Como o paralítico do Evangelho de João, que não conseguiu acessar as águas curativas do tanque de Betesda porque não tinha ninguém para ajudá-lo, as mães salvadorenhas com filhos e filhas detidos devem estar proferindo as mesmas palavras sobre seus pastores que permaneceu em silêncio em meio ao sofrimento, dizendo "não tenho ninguém", disse o cardeal.
Mais de 65.000 salvadorenhos foram detidos após o chamado "estado de exceção" nos últimos 12 meses, segundo dados do governo. Em fevereiro, autoridades, incluindo o presidente salvadorenho Nayib Bukele, exibiram uma nova "megaprisão" com capacidade para acomodar mais 40.000 pessoas.
Grupos de direitos humanos dizem que alguns dos detidos não cometeram crimes, mas não têm o direito de se defender perante a lei. Pelo menos 80 morreram no ano passado dentro das prisões lotadas, dizem eles – os inocentes misturados com membros de gangues. O governo divulga regularmente em fotos e vídeos homens tatuados com símbolos de gangues encolhidos em roupas íntimas, uma manipulação visual, dizem alguns, para justificar as medidas.

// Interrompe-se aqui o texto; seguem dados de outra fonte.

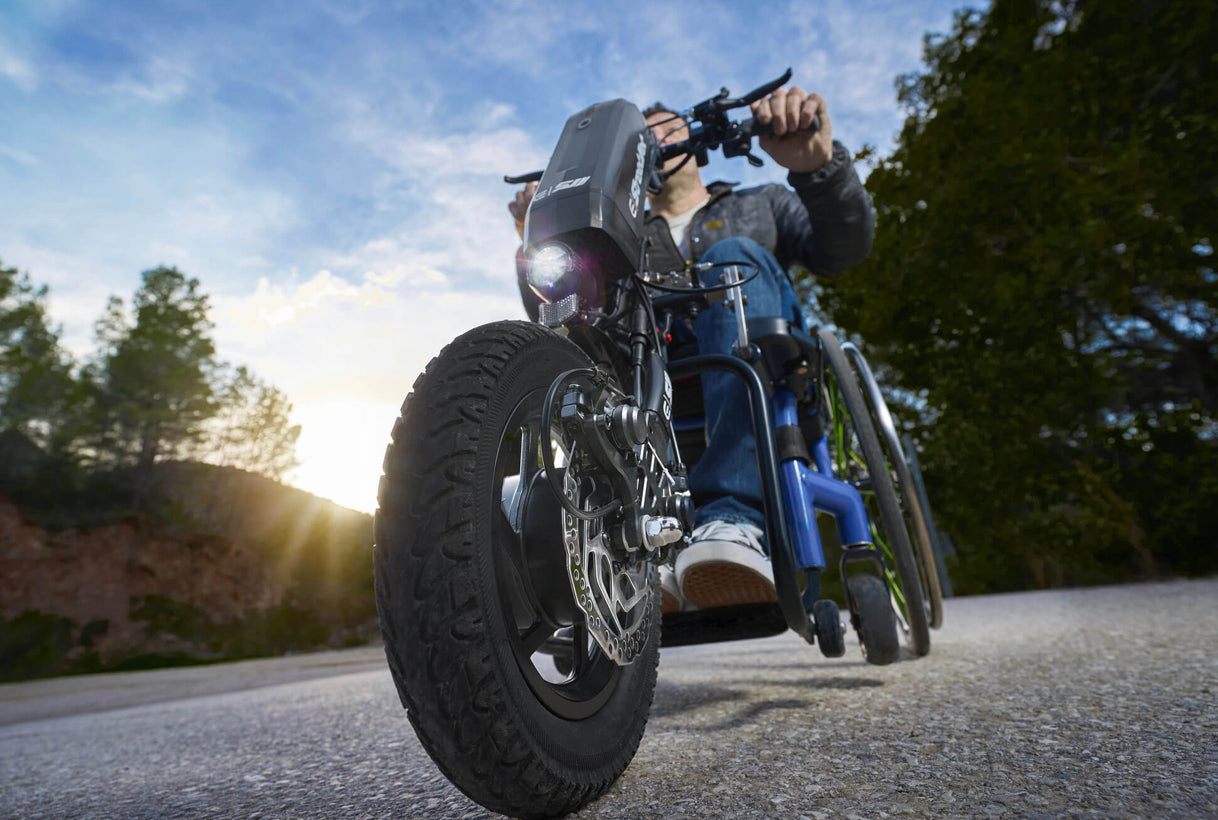 Motus Wheelchair User with Empulse Streetjet Handbike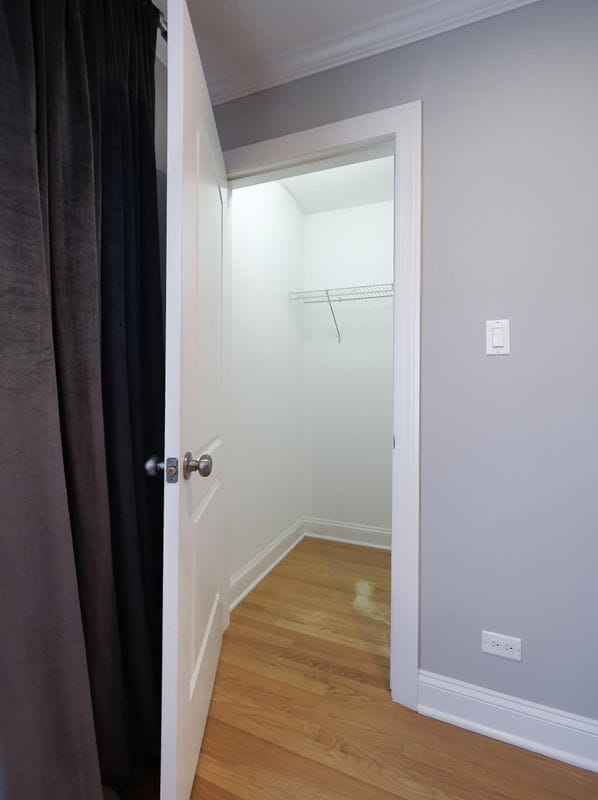 Foto del edificio - 6821 N Wolcott Ave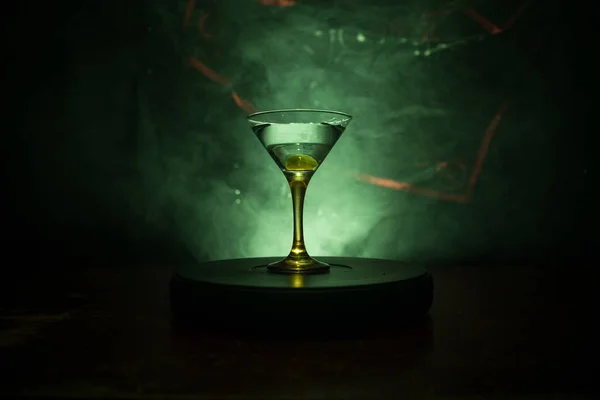 Glas Med Martini Med Oliv Inuti Närbild Glas Med Klubbdrink — Stockfoto
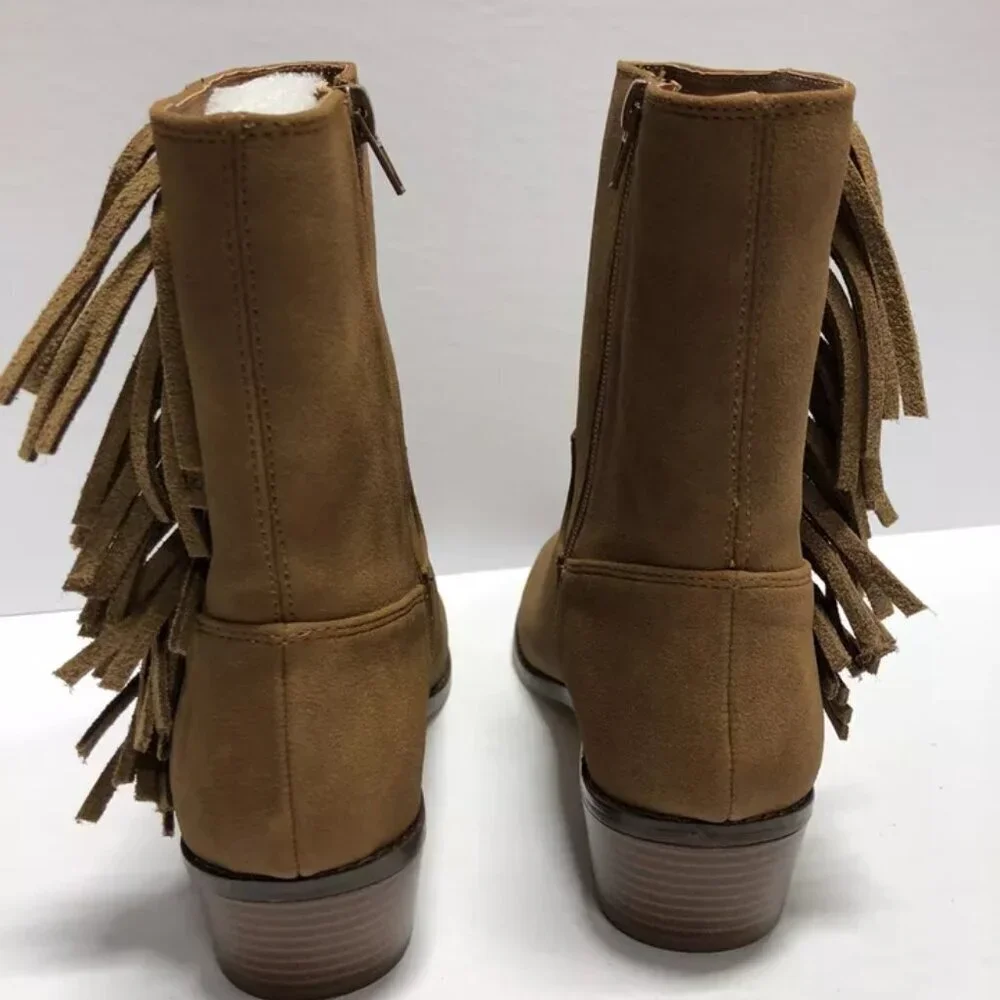 BCBG Girls’ Linda Brown Boot Size 6 M Big Kid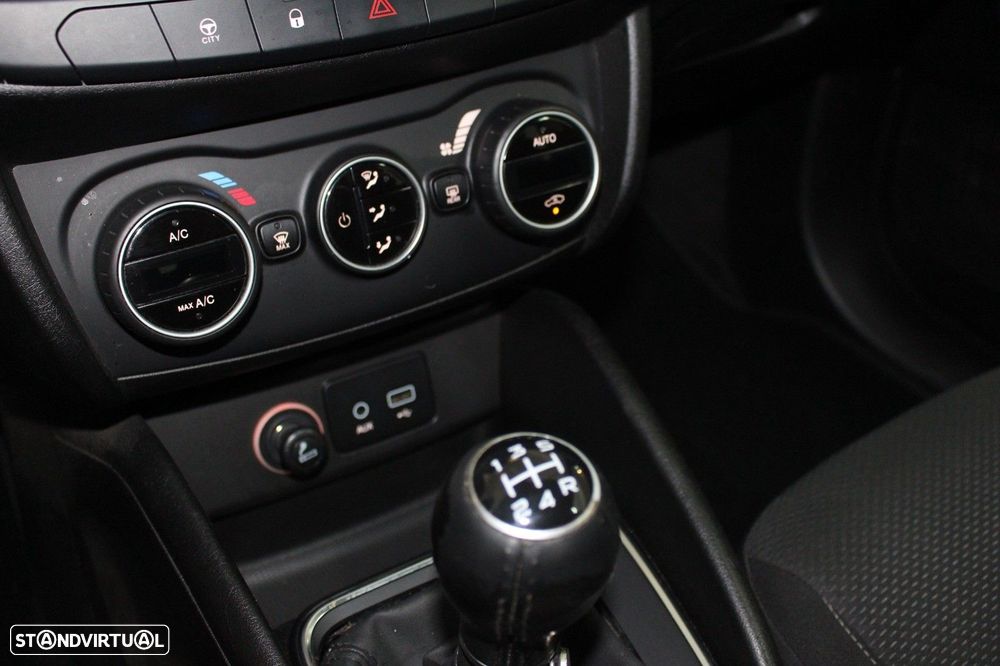 Fiat Tipo 1.3 M-Jet Lounge J17 - 25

Pe. Manuel Acosta, professor da Universidade José Simeón Cañas, administrada pelos jesuítas, em San Salvador, disse que essas imagens alimentam um sentimento de vingança que permeou os corações dos salvadorenhos e os bispos também devem falar contra esse sentimento de vingança.
“Me abala profundamente saber que vivemos em uma sociedade onde a vingança é o mecanismo para resolver os problemas sociais, e a Igreja, os bispos, não dizem nada”, disse ele. "Eu visito as cadeias, a prisão, vejo o sofrimento dos presos e por isso falo. Meus familiares foram assassinados por gangues, mas estou convencido, do ponto de vista do Evangelho, que a vingança não é o caminho para a paz."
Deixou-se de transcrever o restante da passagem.